The WFE team is still small after eight years of operation — just five people, about half of them veterans themselves — and Jones stays up till 2 or 3 a.m. some nights in his workshop to build the machines. Some of the adaptations are simple modifications while others are massive rigs, controllers the size of tabletops with joysticks replaced with giant buttons or paddles. Despite years of experience, Jones still has to work with each injury individually — missing a hand can mean different things for different gamers, depending on exactly what’s missing, the degree of nerve damage and the extent of remaining mobility. Johnson, who’s also a member of the WFE team, explains that even though many are skeptical that games often set in war zones are beneficial for veterans — and cautions that every person is different — they often allow the vets to feel in control of a combat environment in a way that’s impossible in a real-life battle scenario.

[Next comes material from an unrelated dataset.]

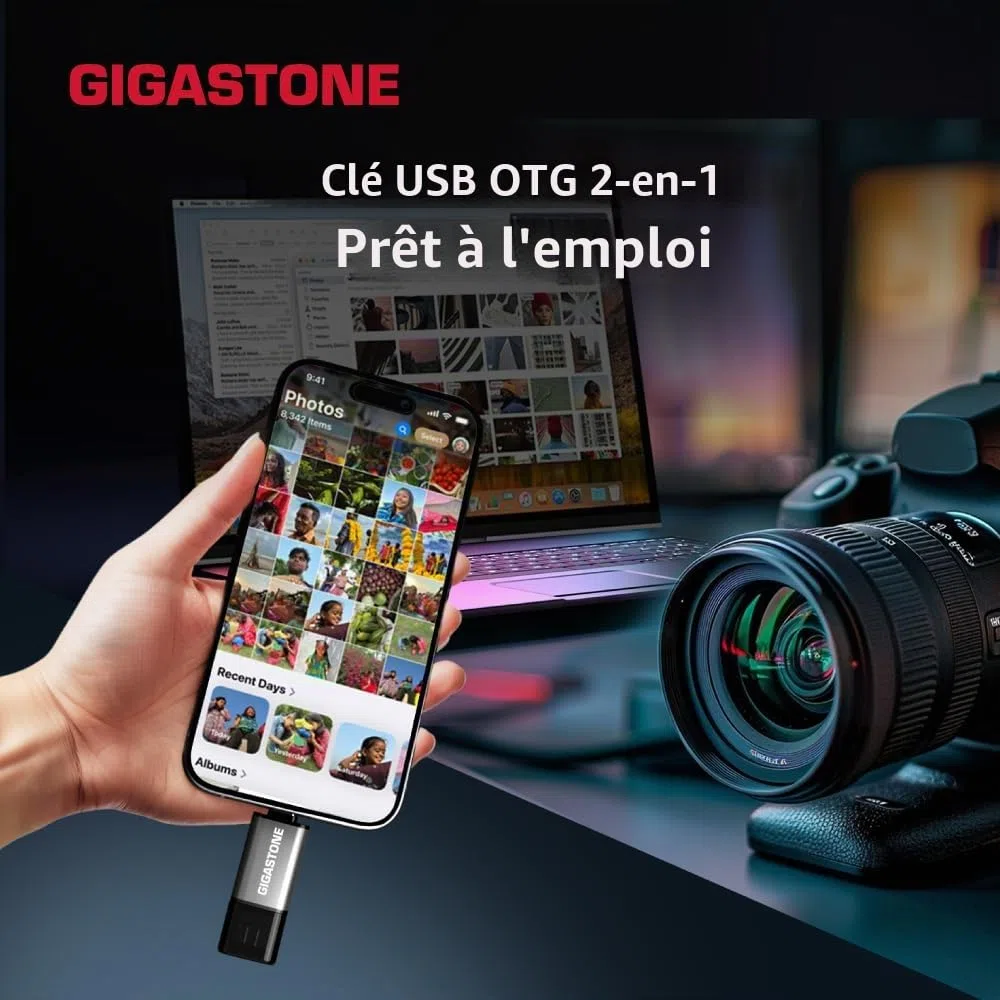 GIGASTONE 128Go Clé USB Double Flash (Lot de 2) Z40 USB 3.2 Gen 1, 2-en-1 Type-A & Type-C, 100Mo/s Ultra Rapide, Plug & Play pour Smartphone/PC/Mac/TV/Voiture, USB 2.0/3.0/3.1 Compatible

While gaming may seem like a mere pastime for the wounded, it’s actually considered constructive therapy. A 2018 study published in the journal Social Science & Medicine found that veterans who play games, many of whom suffer from PTSD, derive several psychological benefits. Games are often social for one thing, and they help former soldiers stay calm and feel engaged and in their element again.
What’s more, WFE has helped inspire broader change in the gaming industry. In 2016, Microsoft held a hackathon and asked Jones for ideas of what innovations he might need. The project they collaborated on became the adaptive controllers for the XBox, which Microsoft started selling in 2018. Jones’ 25-year-old daughter now works in Microsoft’s accessibility department, while also helping out with WFE.
Jones says he hopes someday there won’t be any need for Warfighter — that kids will stop getting maimed in combat and he’ll have provided a controller to every single person who needs one. He knows, however, that won’t happen, so he keeps going.
“They try to honor veterans, they bring them to parades and barbecues and bring them onstage and do all this fanfare … to have people honor their service and their injuries,” Jones says. “But when they get back to their rooms, they still have no arms or legs, and there’s nothing they can do. So the ability to just turn a game on and forget about their injuries and hang out with their buddies online … that’s one of the most important things.”